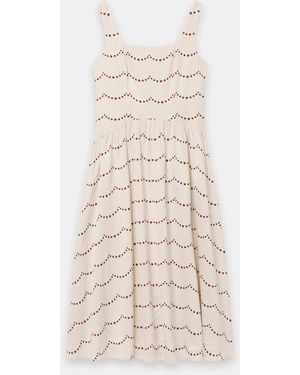 Mint Velvet Spot Print Midi Dress - Natural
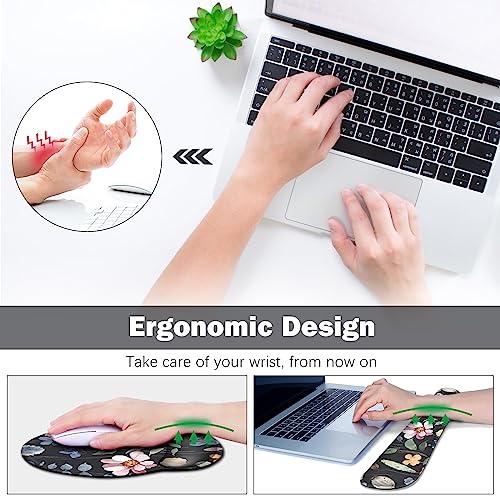 ARTSO Desk Mat, Large Gaming Mouse Pad Wrist Support Set, Ergonomic Keyboard Wrist Rest Desk Pad with Coaster Combo, Extended Mousepad with Non-Slip for Home Office, Flowers Plants - color: Flowers Plants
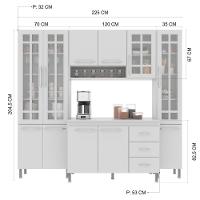 Cozinha Modulada Compacta Fidelitá Viena 4 Peças 225cm 11 Portas 3 Gavetas Com Tampo Branco - 8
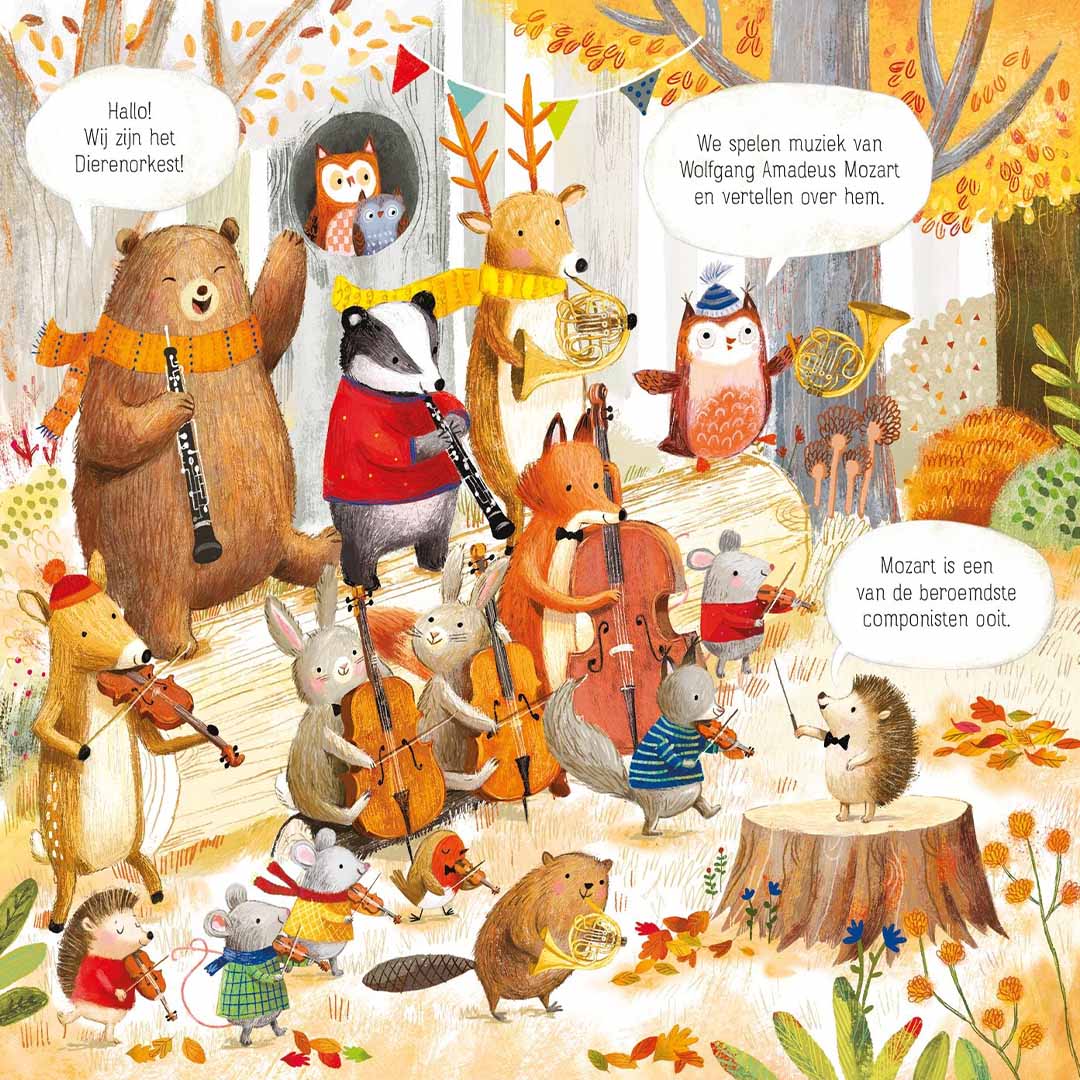 uitgeverij usborne muziekboek het dierenorkest speelt mozart | 1701101 | 3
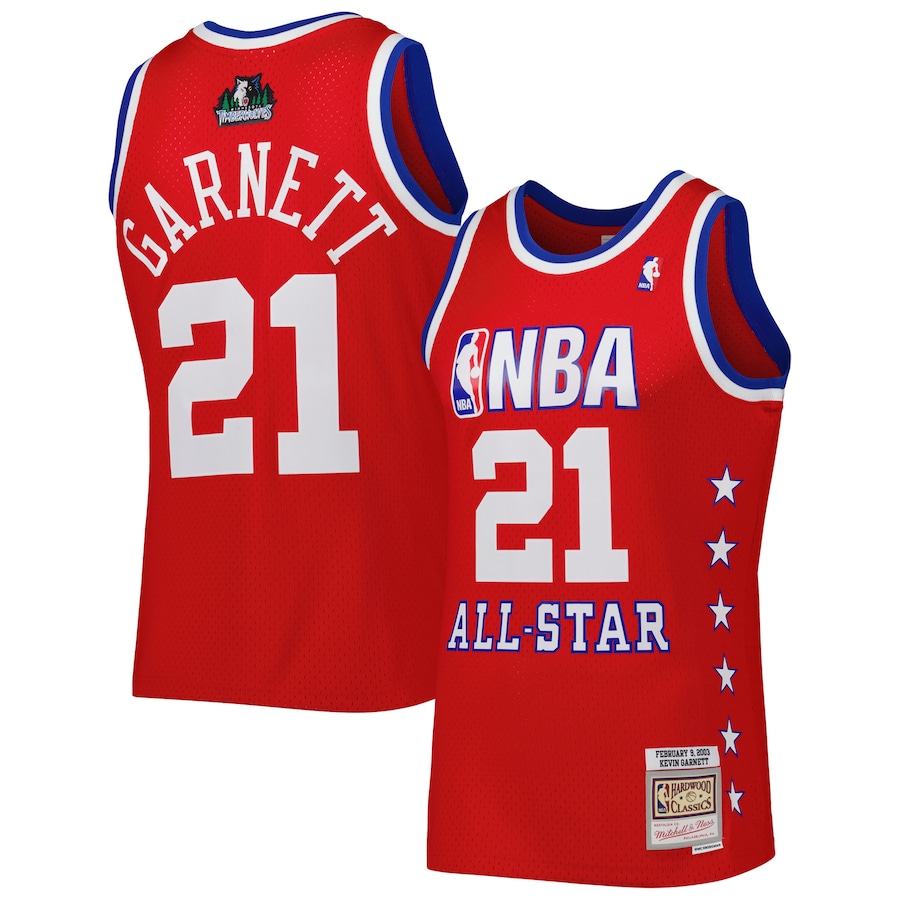 Men's Western Conference Kevin Garnett Mitchell & Ness Red 2003 All Star Game Swingman Jersey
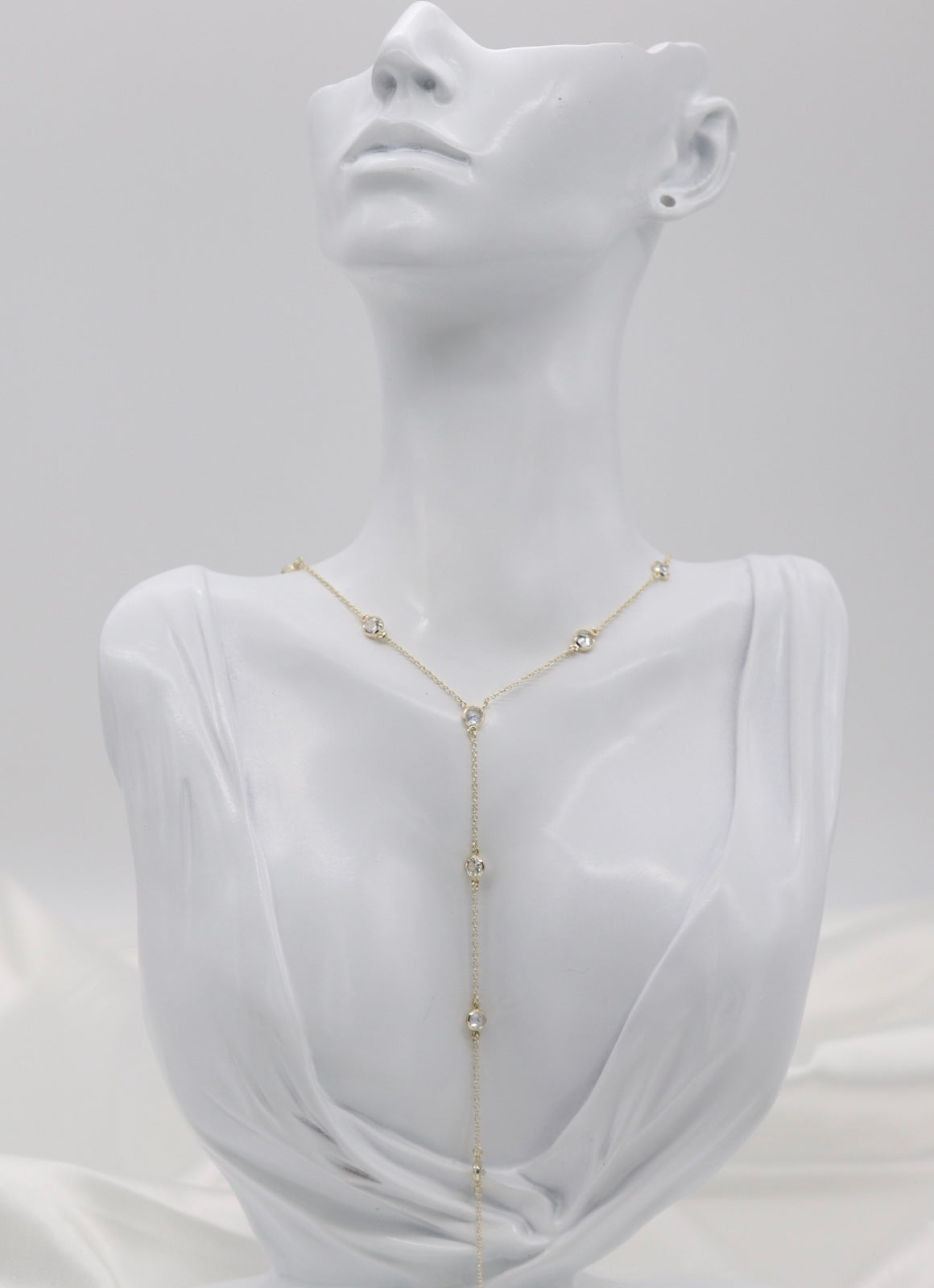 Long Bezel Set Station Gold Y-Necklace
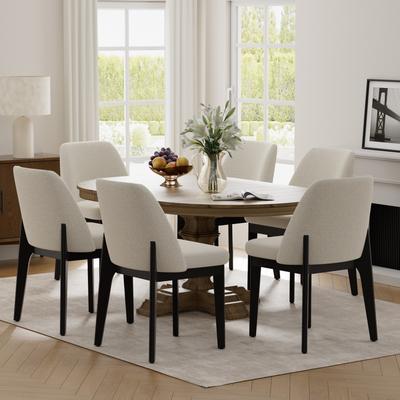 Keoni Modern Fabric Upholstered Dining Room Chair Kitchen with wood legs - N/A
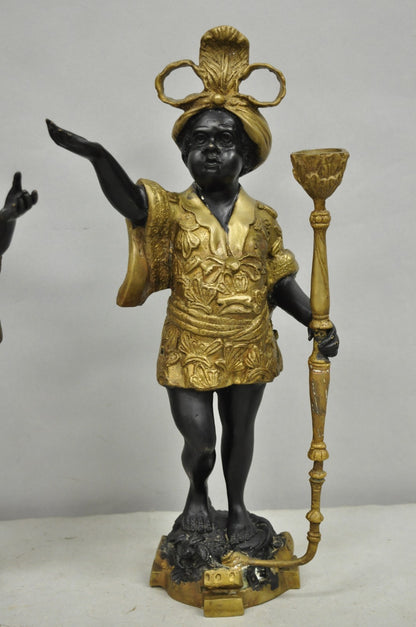 Vintage Moorish Venetian Blackamoor Figural Bronze Candelabra Candle Holder Pair
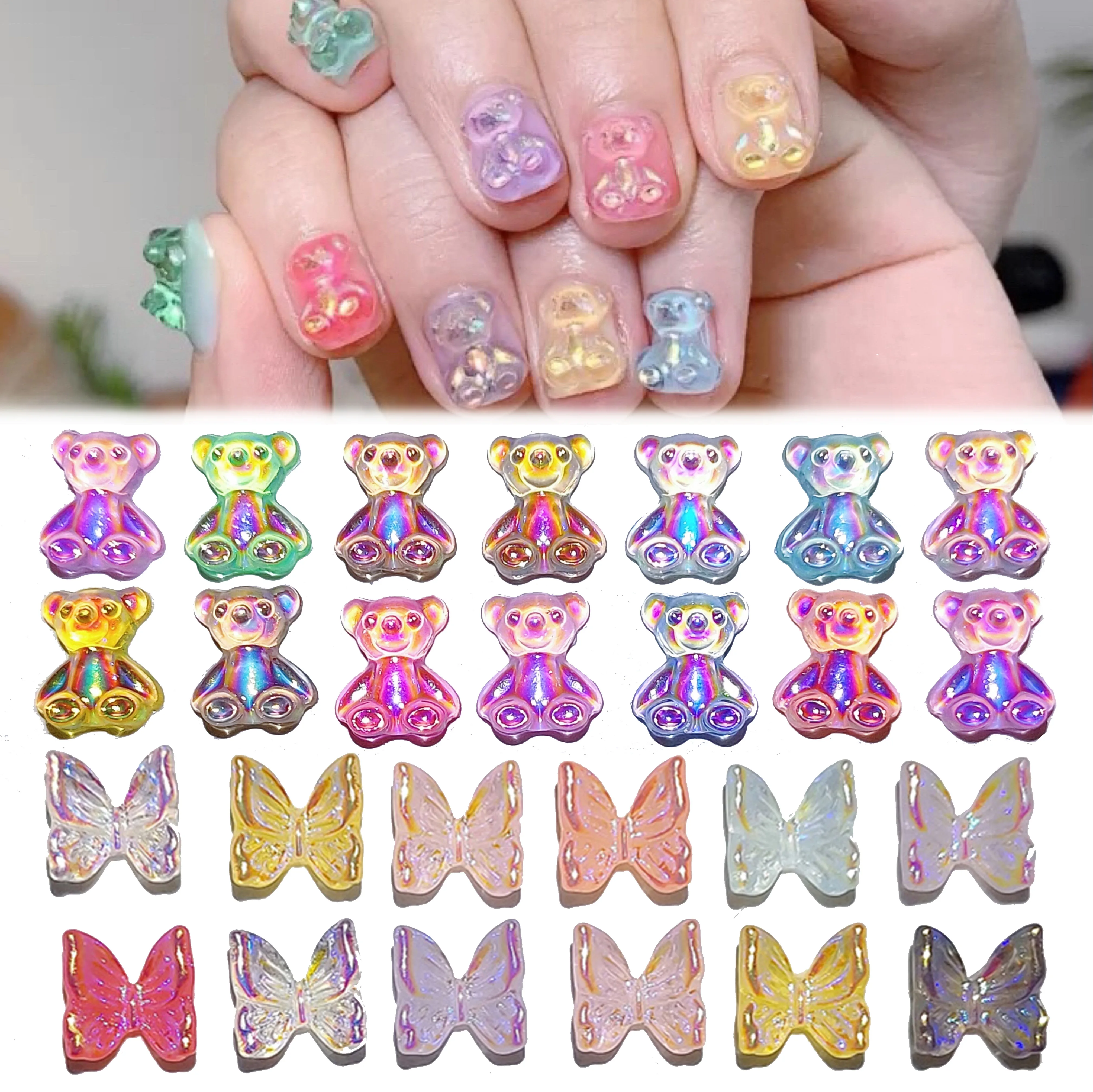 

50pcs Crystal Candy Bear Soft Nail Art Decorations Cartoon Aurora Butterfly Nails Sticker 3D DIY Manicure Accessories Illusion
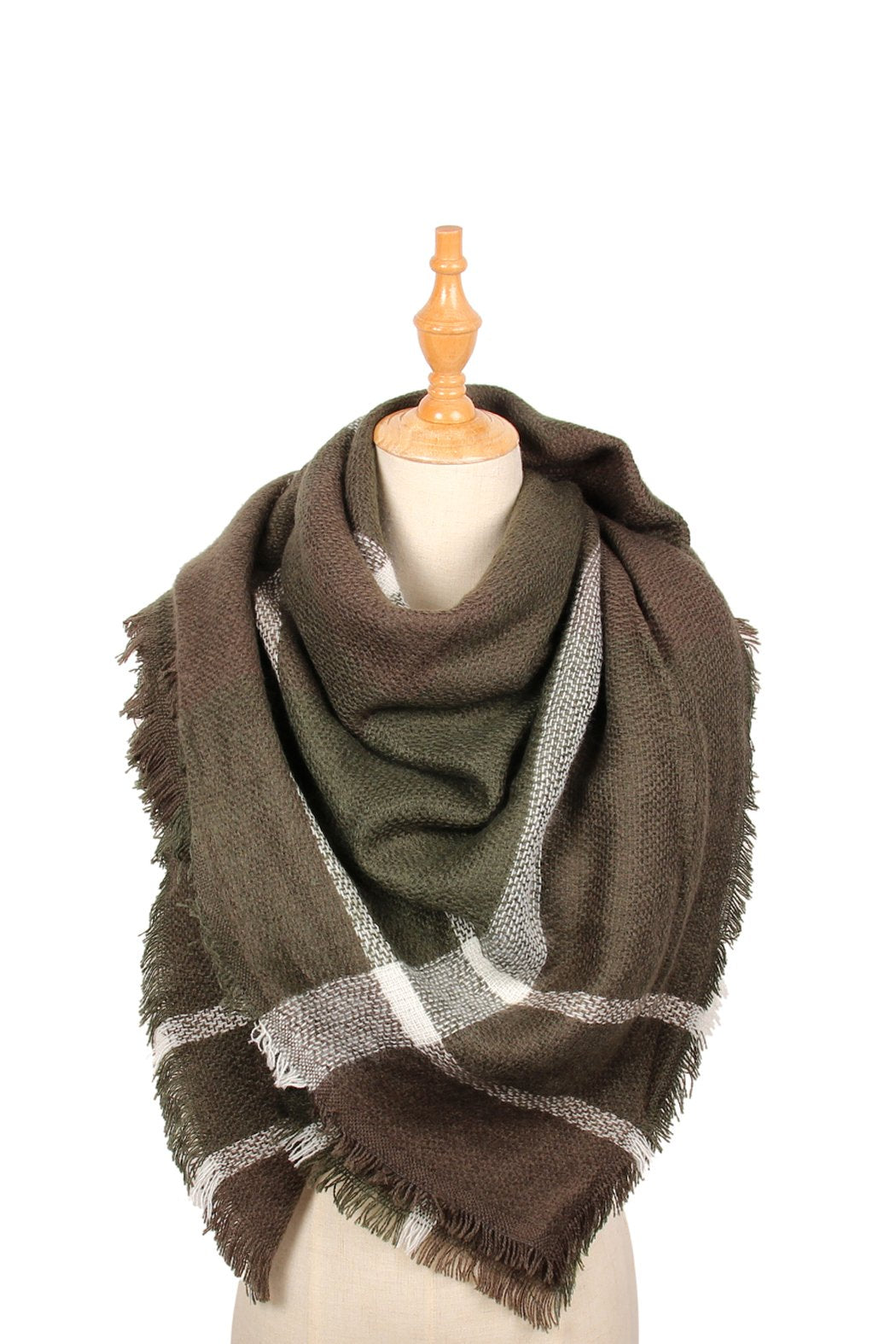 Riah Fashion - Colorblock Fringed Blanket Scarf -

* * * *

Task to complete> The answer must repeat every record exactly, with all pictures left out.

Your solution>
 Mint Velvet Spot Print Midi Dress - Natural
 ARTSO Desk Mat, Large Gaming Mouse Pad Wrist Support Set, Ergonomic Keyboard Wrist Rest Desk Pad with Coaster Combo, Extended Mousepad with Non-Slip for Home Office, Flowers Plants - color: Flowers Plants
 Cozinha Modulada Compacta Fidelitá Viena 4 Peças 225cm 11 Portas 3 Gavetas Com Tampo Branco - 8
 uitgeverij usborne muziekboek het dierenorkest speelt mozart | 1701101 | 3
 Men's Western Conference Kevin Garnett Mitchell & Ness Red 2003 All Star Game Swingman Jersey
 Long Bezel Set Station Gold Y-Necklace
 Keoni Modern Fabric Upholstered Dining Room Chair Kitchen with wood legs - N/A
 Vintage Moorish Venetian Blackamoor Figural Bronze Candelabra Candle Holder Pair

50pcs Crystal Candy Bear Soft Nail Art Decorations Cartoon Aurora Butterfly Nails Sticker 3D DIY Manicure Accessories Illusion
 Riah Fashion - Colorblock Fringed Blanket Scarf -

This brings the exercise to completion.